House debates
Tuesday, 12 February 2008
Standing Orders
Patrick Secker (Barker, Liberal Party) Share this | Hansard source
I think she wanted to be a minister, didn’t she? I think it is very interesting to note that the so-called pep talk to the new ministers and new members of parliament on the government side to try to avoid hubris and arrogance obviously did not work. I have been watching this debate quite closely, both in the chamber and on the closed-circuit TV in our rooms, and it has been very obvious that the ministers have not gotten over their hubris and the members have not taken this very seriously. They think, ‘We’re in government now, so we are just going to treat you like the rubbish that we think the opposition is.’
Unfortunately, I do not think that wears well in the electorate and that has obviously been shown by the response that it has brought about. I listened to the four members of the government who had a view on this and spoke to the motion. It is quite interesting that only four did; they thought it was a fait accompli. They raised the idea that we will still have four question times a week and we will still have three MPIs a week, just as we did in the last parliament. But if we are actually sitting two fewer weeks than we did in the last parliament, in a normal year—not an election year—that is obviously eight fewer question times and six fewer MPIs. When I and many of us here first came in, we were sitting for 20 weeks and we have sat for up to 23 weeks in a period. If we are sitting fewer weeks, then obviously we will have fewer question times and fewer MPIs, and therefore we will have less accountability to the parliament.
This proposal has been trumpeted by the Prime Minister as making politicians work harder by scheduling an extra 15 sitting days. Every member in this House knows that quite often they actually work harder in their electorate than they do here. I actually find being in Canberra a lot easier than being the member for Barker out in the electorate because my electorate is 64,000 square kilometres. I drive about 80,000 kilometres a year. I will obviously be driving less because I will not have those extra Fridays; I will be in the parliament. In fact, the earliest I can get back to my electorate—that is, to the start of my electorate—on present flights is nine o’clock on a Friday night. There is not a lot that you can do at nine o’clock on a Friday night. There would be many members of parliament who are a lot worse off than I am. In fact, if I were still living where I was until very recently, I would not be able to get home before midnight. There are many members of parliament who will not be able to get back until Saturday because of the flights that we have scheduled here in Australia.
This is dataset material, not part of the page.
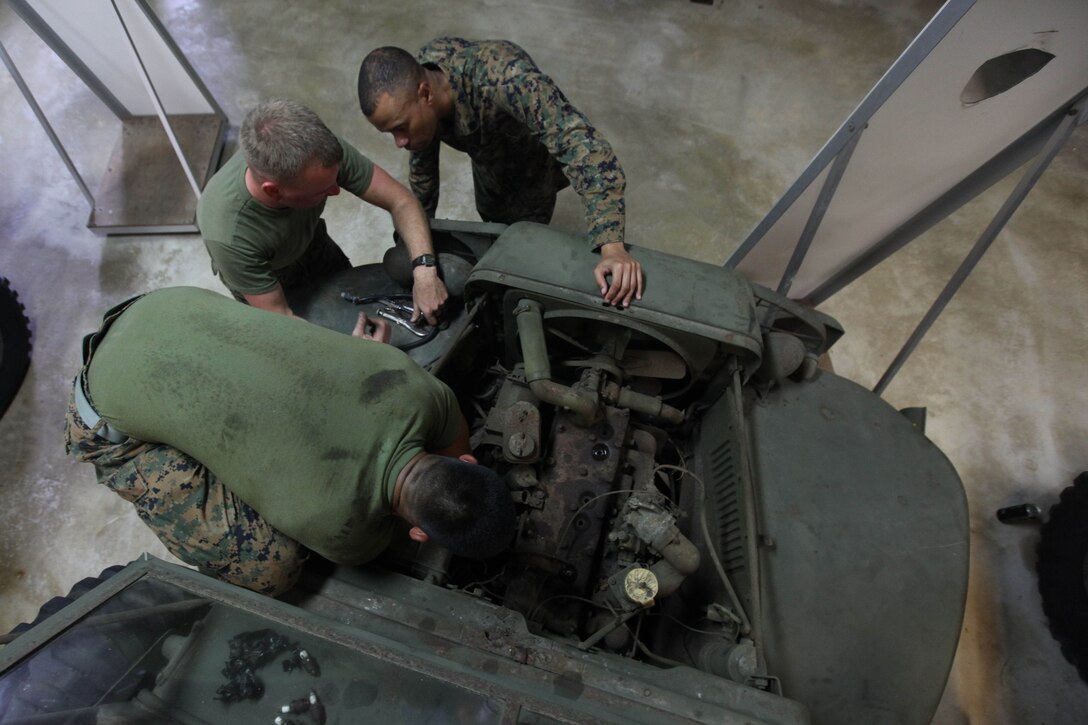 Motor Transport Marines with Combat Logistics Detachment 39 work on a truck on exhibit at the Pacific War Museum Feb. 27.  CLD 39 is deployed in support of Exercise Guahan Shield, an exercise that will facilitate multiservice engagement, set conditions for bilateral and multilateral training opportunities, and support rapid response to potential theater crises and contingency operations in the Asia-Pacific region.  CLD-39 is part of 9th Engineer Support Battalion, 3rd Marine Logistics Group, III Marine Expeditionary Force.  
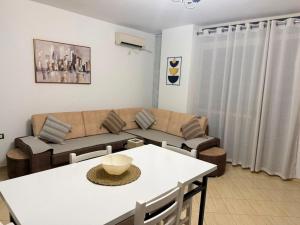 a living room with a white table and a couch at ASA Apartament in Tirana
So what is going to happen? Obviously we are going to have a whole lot of people staying here in Canberra. It might be great for the Canberra economy, but it is not going to be great for the constituencies that we were elected to represent and to meet, unless people take the attitude that, as the new member for Leichhardt has said, we will just buzz off, which means we will not actually take the Friday very seriously at all. I can assure you that I take parliament seriously, but obviously this government does not. It is a great shame that this parliament and this new government have taken this attitude. It has been a bit too smart by half. I know we are very limited tonight—for sensible reasons of wanting to get a reasonable night’s sleep—but I just hope that the new government gets over this silly idea. Anyone with any common sense will say to you that this is not going to be in the interests of the constituents. It is not going to be in the interests of members of parliament because now we cannot vote on private members’ business. What you are effectively saying to us is that, as members, we will not be able to vote on private members’ business; we cannot have divisions; we cannot have quorums. Frankly, I think we all know that the legal advice that you have on this is pretty dodgy, because section 39 of the Constitution clearly says that we have to have a quorum in parliament. How can you decide whether there is a quorum if you cannot call one? This parliament, a bit like Gough Whitlam, is trying to override the Constitution as they tried to do in 1975. There is a very strong whiff of that sort of silly ignorance and arrogance over the Australian Constitution, which we all hold quite dear.